How I Backup My Entire GitHub Account

How I Backup My Entire GitHub Account

I’ve spent a lot of time building everything which I store in GitHub, so I want to make sure I have a backup of it. Here’s how I have been doing it for years now, and it has worked like a charm!

The Problem

With the increasing reliance on GitHub for storing code and managing projects, it’s crucial to have a backup strategy to prevent loss of data. GitHub provides redundancy and reliability, but having your own backup gives you peace of mind and control over your data.

The Solution

Using GitHub Actions, we can automate the process of backing up our entire GitHub account, including repositories, wikis, issues, and more. Below is a GitHub Actions script that accomplishes this.

I happen to already have a storage server that supports WebDAV, so I’ll be using that to store my backups. You can adjust the script to use other storage options like AWS S3, Google Drive, or any other cloud storage provider.

The GitHub Actions script will also back up non-public files, therefore I decided to deploy it in a private repository. This way, I can ensure that the logs of the backup are not publicly accessible.

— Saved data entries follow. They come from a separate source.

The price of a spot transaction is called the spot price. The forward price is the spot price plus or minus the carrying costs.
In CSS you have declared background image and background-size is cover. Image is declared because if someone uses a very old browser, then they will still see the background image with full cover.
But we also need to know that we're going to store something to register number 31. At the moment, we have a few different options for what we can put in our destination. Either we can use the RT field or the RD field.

The downside is that it will consume CI minutes from my personal account. Backing up from GitHub is rather slow, as it will run constantly into rate limits, which means a run can take up to 3 hours. Therefore, you probably don’t want to run this script too often. Twice a week is a fine trade-off for me.

Workflows in GitHub

For creating the backups, we will be using the github-backup tool, which is a Python script that can back up GitHub repositories, wikis, issues, and more. The script will create a complete backup of the specified GitHub account and store it in a tarball that will be uploaded to a WebDAV server.

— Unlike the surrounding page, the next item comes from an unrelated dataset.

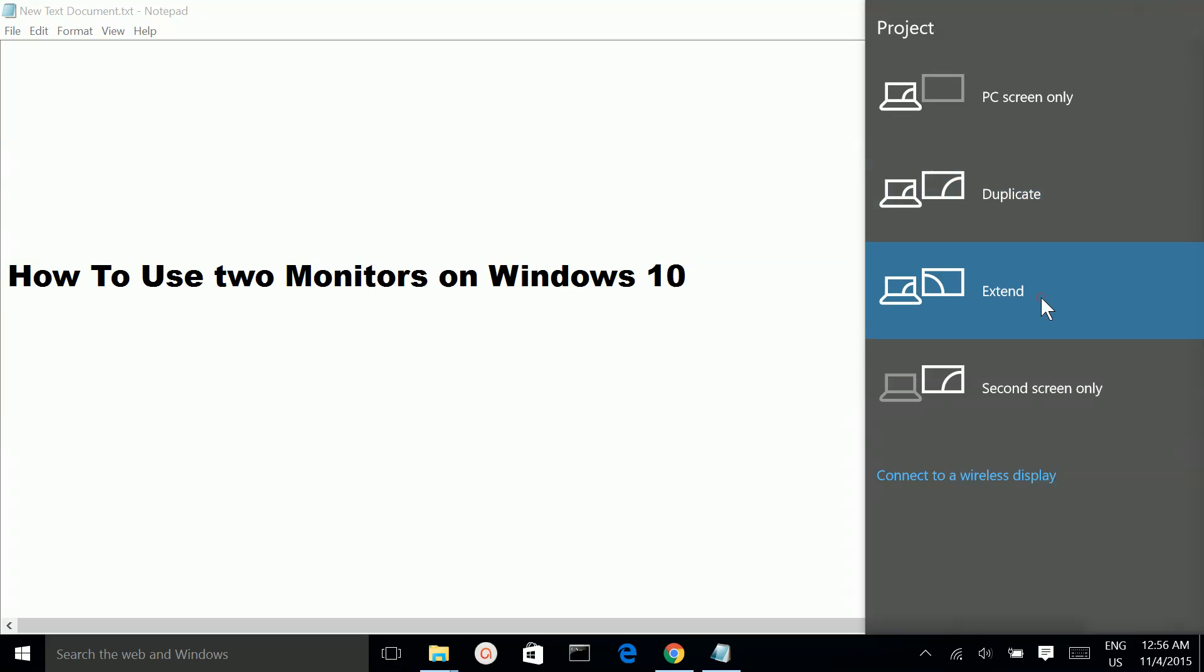If you want to play different movies on these two monitors, you can use extend.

To ensure we can easily keep the required version up-to-date, we start by creating a requirements.txt file with the following content:

github-backup==0.45.2

Then, subsequently, we can create the GitHub Actions script, for example called .github/workflows/backup.yml:

on:
  schedule:
    # Run every Wednesday and Sunday at 01:00
    - cron: 0 1 * * 3,6

jobs:
  backup:
    runs-on: ubuntu-20.04

    steps:
      - uses: actions/checkout@v2

      - uses: actions/setup-python@v2
        with:
          python-version: '3.8'

      - name: Install dependencies
        run: pip install -r ./requirements.txt

      - name: Create complete backup
        run: >-
          github-backup
          --token $GITHUB_TOKEN
          --all
          --repositories
          --private
          --fork
          --bare
          --output-directory ./backup/
          --prefer-ssh
          Addono # Account to be backed up
        env:
          GITHUB_TOKEN: ${{ secrets.PERSONAL_GITHUB_TOKEN }}

      - name: Create a tarball of the complete GitHub backup
        run: tar -czvf ./archive.tar.gz ./backup/

      - name: Upload the backup
        run: >-
          curl
          --fail
          --user $WEBDAV_USERNAME:$WEBDAV_PASSWORD
          --upload-file ./archive.tar.gz
          $WEBDAV_HOST/$(date +"%Y-%m-%d_%T")-github-backup.tar.gz
        env:
          WEBDAV_USERNAME: ${{ secrets.WEBDAV_USERNAME }}  
          WEBDAV_PASSWORD: ${{ secrets.WEBDAV_PASSWORD }}
          WEBDAV_HOST: https://my.personal.webdav.storage.server/remote.php/webdav

The Breakdown

Let’s break down what this script does:

  1. Scheduling the Backup:

    on:
      schedule:
        # Run every Wednesday and Sunday at 01:00
        - cron: 0 1 * * 3,6
    

    This cron schedule triggers the backup job every Wednesday and Sunday at 01:00.

  2. Defining the Job:

    jobs:
      backup:
        runs-on: ubuntu-20.04
    

    The job named backup runs on an ubuntu-20.04 runner.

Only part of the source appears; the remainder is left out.